Der 1. FC Magdeburg hat im Heimspiel gegen den VfL Bochum einen wichtigen Sieg errungen und damit im Abstiegskampf der 2. Bundesliga ein klares Statement gesetzt. Mit 4:1 wurde der Revierklub bezwungen – ein Ergebnis, das den Fans lange Zeit verwehrt geblieben war.
Zukowskis doppelpack bringt magdeburger hoffnung zurück
Die Zuschauer im Rotenfelder Stadion durften lange Zeit nur selten Siege bejubeln. Umso höher war die Freude, als der FCM gegen Bochum einen Erfolg feiern konnte. Entscheidend war dabei das Auftreten von Mateusz Zukowski, der mit einem Doppelpack in der 77. und 79. Minute das Spiel für Magdeburg endgültig besiegelte. Der Jubel war ihm anzusehen, als er kurz nach seinem zweiten Tor von Baris Atik eine herzliche Umarmung erhielt – ein Zeichen der geschlossenen Mannschaft.
Die Bilanz des FCM auf heimischem Boden war in dieser Saison alles andere als rosig. Mit lediglich elf Punkten aus 14 Spielen rangierten die Magdeburger auf dem vorletzten Platz der Heimtabelle. Doch wie bereits im Vorjahr, als der 28. Spieltag den Magdeburgen glücklich war, schien sich auch diesmal eine Trendwende abzuzeichnen. Die Erinnerung an das 2:0 gegen Kaiserslautern an einem Aprilwochenende im vergangenen Jahr, das den dritten Heimsieg der Saison bedeutete, ließ die Fans hoffen.
Trainer Petrik Sander zeigte sich nach dem Spiel erleichtert, betonte aber gleichzeitig, dass noch einiges an Arbeit zu tun sei. “Es geht um nicht erzielte Ergebnisse in unseren Heimspielen – da hängen wir zurück”, erklärte er. “Aber das war ein überzeugender Auftritt heute.” Die Mannschaft ließ kurz vor dem 2:1 zwar kurzzeitig die Nerven spielen, zeigte aber eine beeindruckende Reaktion und konterte umgehend.

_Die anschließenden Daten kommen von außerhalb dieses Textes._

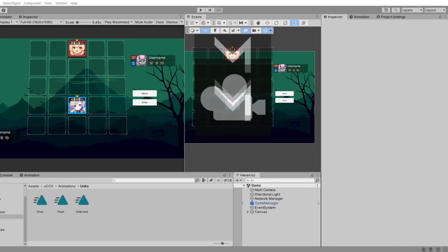Hey, what's up everyone? I just wanted to make a hopefully quick unscripted video about the animations that I added to my card game and how I went about adding them. Before we get into that, I just wanted to let you guys know that if you have any questions about Unity, programming, or networking, please put them in the comment section below and I'll do a separate video answering those questions.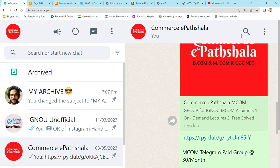Hey guys, welcome to Commerce Part Shala. My name is Rashid Ansari and today we are going to talk about the group — yes, the channel we have launched for the betterment of students. I'm going to talk about MCom students and then BCom. There are two groups on Telegram that we have recently launched, which are already very beneficial — already 10-12 people have joined both groups.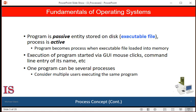Two common techniques for loading executable files are double-clicking an icon that represents the executable file, or entering the name of the executable file on the command line. Although two processes may be associated with the same program, they are nevertheless considered two separate execution sequences. For example, several users may be running different copies of the mail program, or the same user may invoke many copies of the web browser program. Each of these is a separate process, and although the text sections are equivalent, the data, heap, and stack sections vary.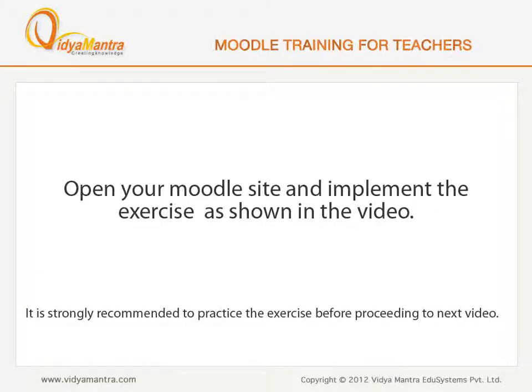Now, open your Moodle site on your computer and implement the exercise before proceeding to the next video.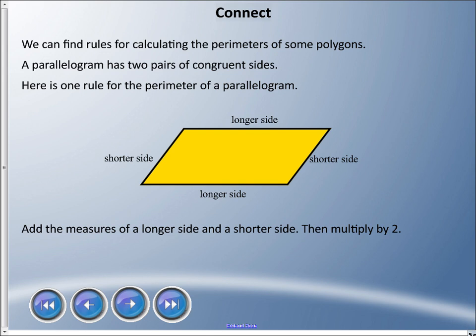There are quicker ways of doing this, and when you get to high school math you'll see the benefit. We can calculate perimeter using rules for polygons. Today we're focusing on parallelograms. A parallelogram is like a rectangle or square that's been pushed over — all sides are parallel. Rectangles and squares are parallelograms.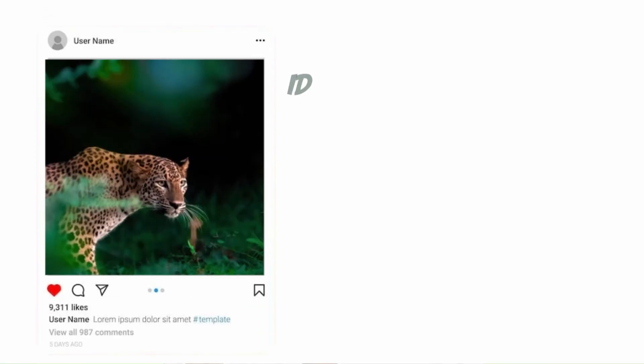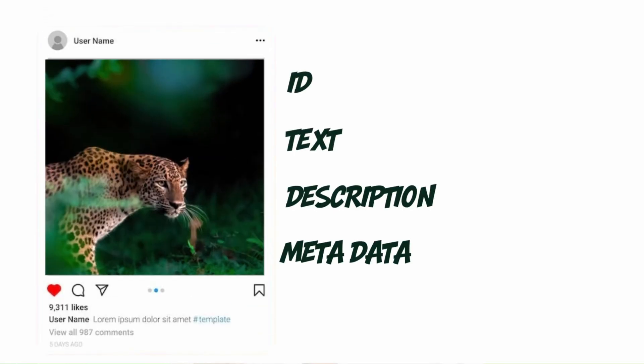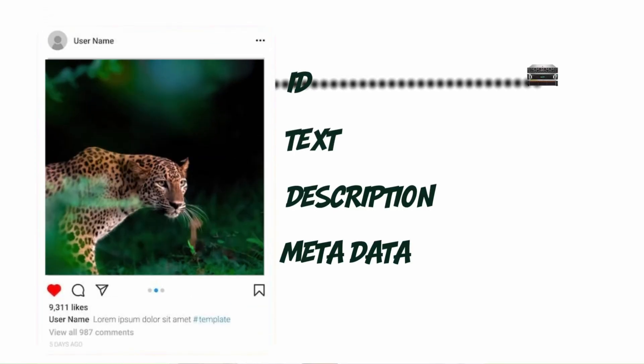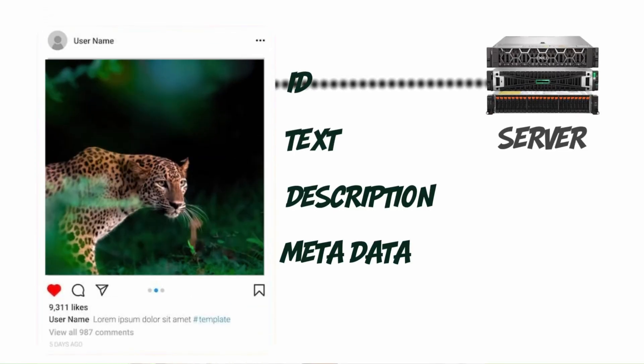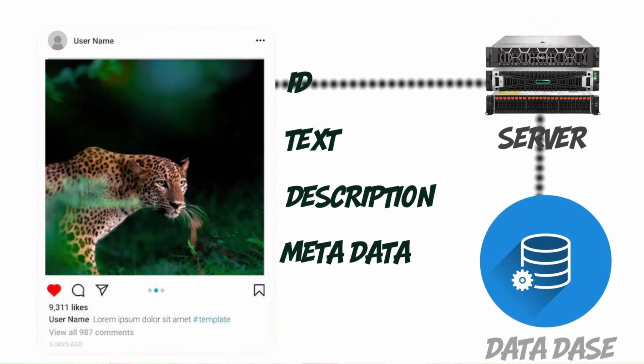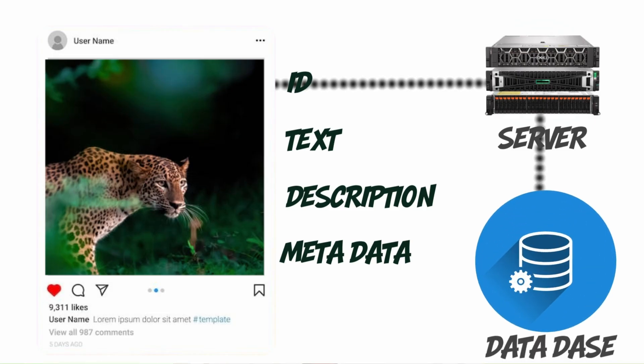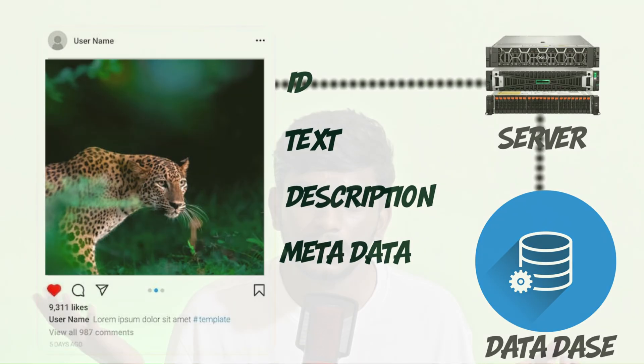But in the backend, you handle post ID, description and metadata. Even the server is sent to the browser. Then server, database, and contact all handle the storage of data. So web development mainly has 3 parts: frontend, backend, and database.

Der überraschende weg zum torjäger: zukowskis verwandlung
Ein besonderes Augenmerk galt dabei Mateusz Zukowski. Der Sommerneuzugang aus Slask Breslau, der aufgrund eines Mittelfußbruchs die Hinrunde größtenteils verpasste, ist mittlerweile zum gefürchteten Torjäger der Liga avanciert. Mit 15 Treffern führt er die Torjägerliste der 2. Bundesliga vor Hannover 96s Benjamin Källmann (14) und Darmstadts Isac Lidberg (13) an. Der Pole, der eigentlich als Flügelspieler eingeplant worden war, hat seine Gegner nun vor einem ernstzunehmenden Problem.
Sander kann sich des Wandels des Spielers nur wundern. “Schwer zu verstehen für mich”, gab der Trainer ehrlich zu. “Das muss unser Mittelstürmer werden!” Seine früheren Einsätze als Rechtsverteidiger, eine Position, die er in Polen bekleidete, betrachtet er mit Skepsis: “Das, was er mitbringt, ist einfach prädestiniert dafür, um in der heutigen Zeit als Mittelstürmer aufzulaufen.” Zukowskis Vielseitigkeit, die er in der polnischen Ekstraklasa unter Beweis stellte, zahlt sich nun aus.
Der Sieg gegen Bochum ist zwar nur ein Schritt, aber er gibt dem 1. FC Magdeburg neuen Mut und Hoffnung im Abstiegskampf. Die Mannschaft hat bewiesen, dass sie zu mehr als dem direkten Wiederabstieg fähig ist. Mit Zukowski als treffsicherer Mittelstürmer und einem geschlossenen Team könnte die Wende in Magdeburg endlich gelingen.